In both situations and in all their variations, grandparents may have to formalize their status to be able to care for their grandchildren properly.

Also taking custody in one way or another. 

Grandparent custody comes in different forms, and the legal terms for these forms can differ from state to state. But parenting grandparents usually have one of the following legal relationships with their grandchildren. 

Physical Custody With Power of Attorney

When grandchildren live with grandparents and grandparents are responsible for their physical well-being on a day-to-day basis, the grandparent has "physical custody." This situation usually occurs when a parent or guardian asks the grandparent to take care of the child on a temporary basis. This is usually done as an informal arrangement.

Grandparents should get a power of attorney, also called a POA, granting them the legal authority to address the child's medical and other needs, particularly in an emergency when the child's parents can't be reached. This can be as simple as having the parent to sign a notarized form and submitting it to the court.

The POA remains in effect until a date specified within it, or until the child is no longer a minor. In either case, the parent can file with the court to revoke the POA at any time.

Some states have medical consent forms and educational consent forms that may make an actual power of attorney unnecessary.

In addition, some states make provisions for the possibility that a parent's whereabouts may be unknown and allow grandparents to file affidavits to this effect so they can receive a POA or other consent. 

Grandparents as Foster Parents

Grandparents may be offered the opportunity to serve as foster parents when the state removes children from their parents' care. This arrangement is sometimes known as kinship care. The grandparent has physical custody, but the state retains what's called "legal custody" — the right to make major decisions regarding the welfare of the child.

Grandparents may take care of the child without much oversight or assistance from the state, and this is sometimes called informal kinship care. In other states, grandparents may have to go through the training and certification required to officially become foster parents. Grandparents are then paid a stipend for care-giving just as other foster parents are. If they are official foster parents, grandparents are also subject to visits and evaluations from Child Protective Services personnel.

Studies have shown that children are more likely to thrive and foster placements are more likely to be permanent when children are placed with relatives.

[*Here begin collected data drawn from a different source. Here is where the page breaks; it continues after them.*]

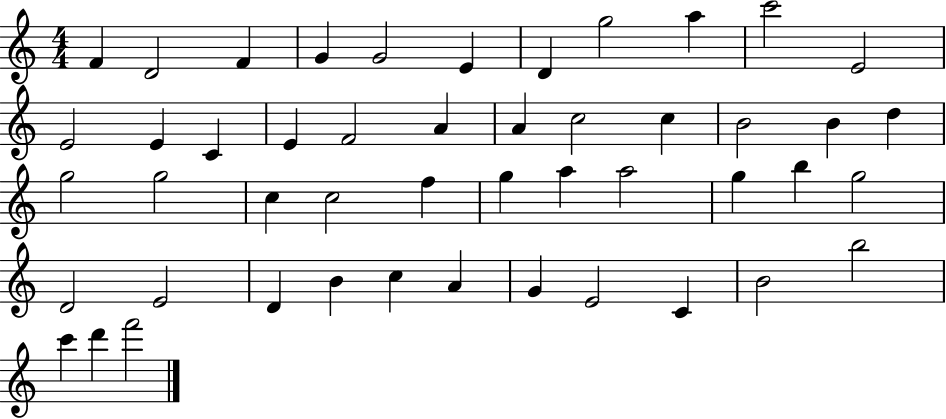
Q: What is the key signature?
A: C major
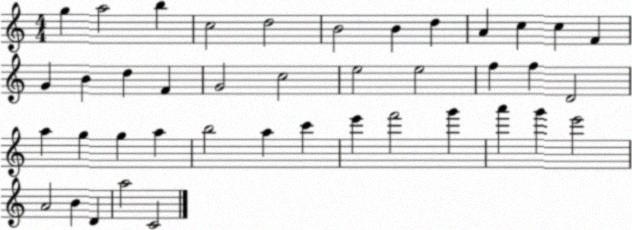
X:1
T:Untitled
M:4/4
L:1/4
K:C
g a2 b c2 d2 B2 B d A c c F G B d F G2 c2 e2 e2 f f D2 a g g a b2 a c' e' f'2 g' a' g' e'2 A2 B D a2 C2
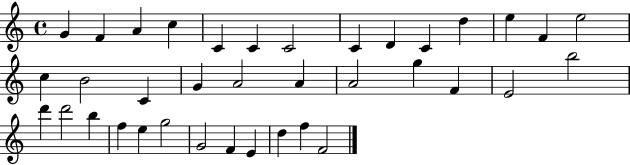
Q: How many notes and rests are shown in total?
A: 37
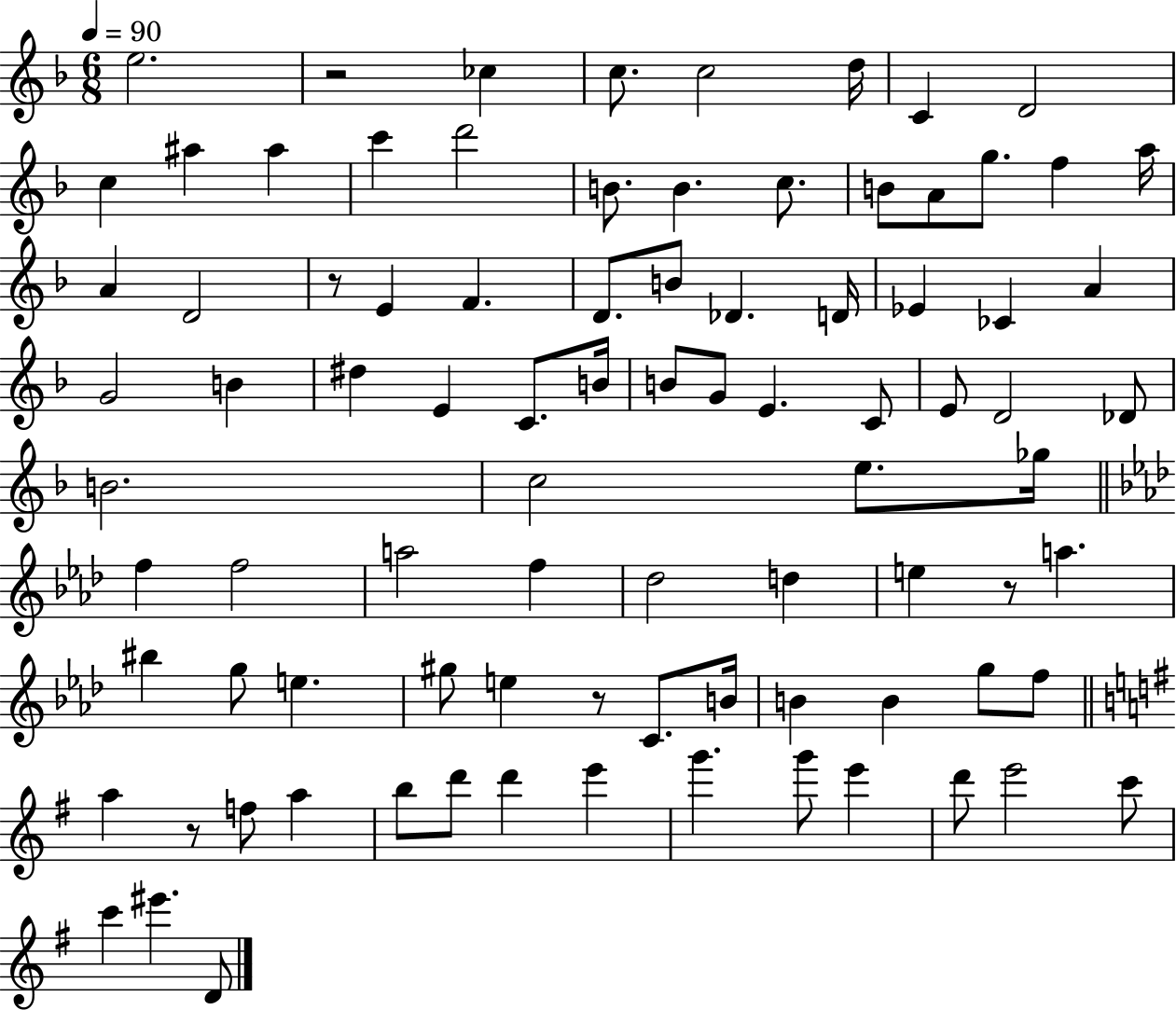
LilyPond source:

{
  \clef treble
  \numericTimeSignature
  \time 6/8
  \key f \major
  \tempo 4 = 90
  e''2. | r2 ces''4 | c''8. c''2 d''16 | c'4 d'2 | \break c''4 ais''4 ais''4 | c'''4 d'''2 | b'8. b'4. c''8. | b'8 a'8 g''8. f''4 a''16 | \break a'4 d'2 | r8 e'4 f'4. | d'8. b'8 des'4. d'16 | ees'4 ces'4 a'4 | \break g'2 b'4 | dis''4 e'4 c'8. b'16 | b'8 g'8 e'4. c'8 | e'8 d'2 des'8 | \break b'2. | c''2 e''8. ges''16 | \bar "||" \break \key f \minor f''4 f''2 | a''2 f''4 | des''2 d''4 | e''4 r8 a''4. | \break bis''4 g''8 e''4. | gis''8 e''4 r8 c'8. b'16 | b'4 b'4 g''8 f''8 | \bar "||" \break \key g \major a''4 r8 f''8 a''4 | b''8 d'''8 d'''4 e'''4 | g'''4. g'''8 e'''4 | d'''8 e'''2 c'''8 | \break c'''4 eis'''4. d'8 | \bar "|."
}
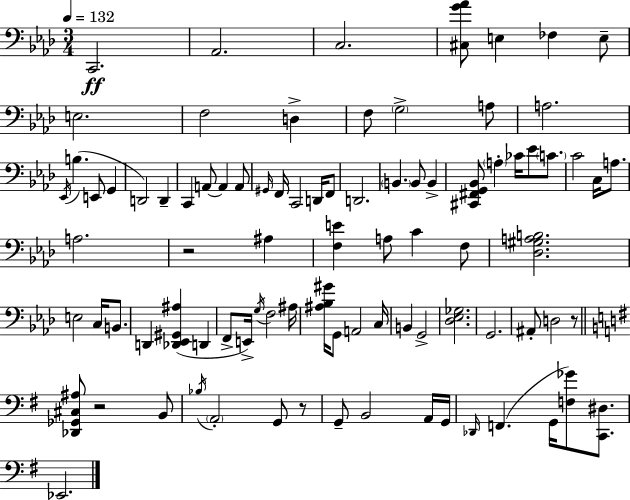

A federal law passed in 2008 requires that social services locate and notify adult relatives whenever children are taken into state custody. Called the Fostering Connections to Success and Increasing Adoptions Act, the law aims to connect children in need of foster care with willing relative caregivers. It provides support to make those fostering situations successful. The act also provides incentives for relatives to adopt the children they foster.

Legal and Physical Custody

A grandparent who wants more control over the grandchild can go to court and ask for legal custody as well as physical custody, both being established through a court order. Even if there is a court order, parents can regain custody, but they'd have to petition the court. In most cases, parents have visitation rights even though the child's grandparents have custody.

Guardianship

The term "guardian" has the widest variation in meaning of all the forms of grandparent custody. Guardianship is the term used for legal custody in some states, while guardians in other states have additional rights, including the right to name someone else to care for a grandchild in the event the grandparent becomes unable to carry out those duties. Generally, a parent retains visitation rights while the child is under guardianship.

Adoption

Adoption is the most permanent arrangement that can be made between a parenting grandparent and his or her grandchild. Adoption is permanent and ends parental rights. It also ends any foster care payments that the child may be receiving, but a grandparent who adopts a grandchild may be eligible for an adoption subsidy and an adoption tax credit or both. The grandchild may remain eligible for medical care from the state even after adoption.

Detailed information about grandparent custody is available from The Grandfamilies State Law and Resource Center, sponsored in part by the American Bar Association.